*** Opening of Given information ***
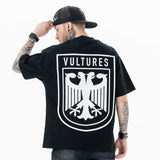 Model wearing back view of kanye west vultures graphic t-shirt.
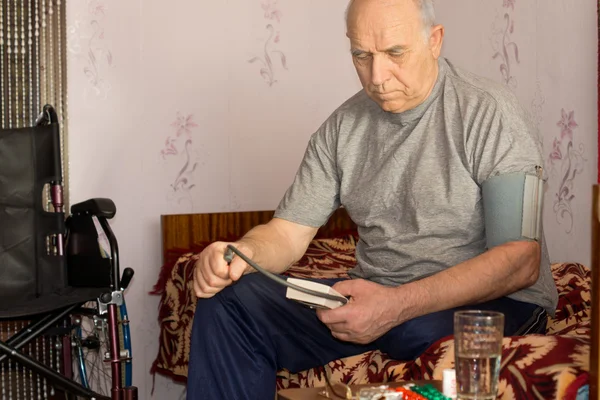 Homem com deficiência sênior tomando sua própria pressão arterial — Fotografia de Stock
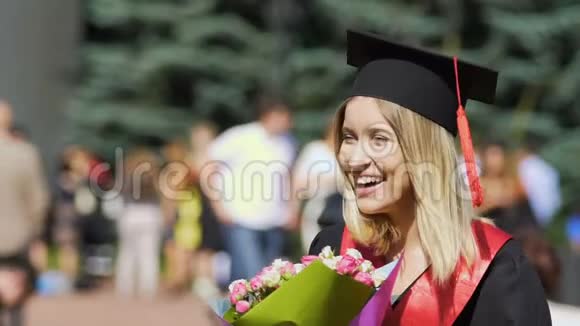 快乐美丽的毕业学生捧着一束鲜花微笑着对着镜头视频的预览图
*** Close of Given information ***
*Assigned task:* Take the listing above and print it exactly, apart from the pictures.

*Answer below:*
 Model wearing back view of kanye west vultures graphic t-shirt.
 Homem com deficiência sênior tomando sua própria pressão arterial — Fotografia de Stock
 快乐美丽的毕业学生捧着一束鲜花微笑着对着镜头视频的预览图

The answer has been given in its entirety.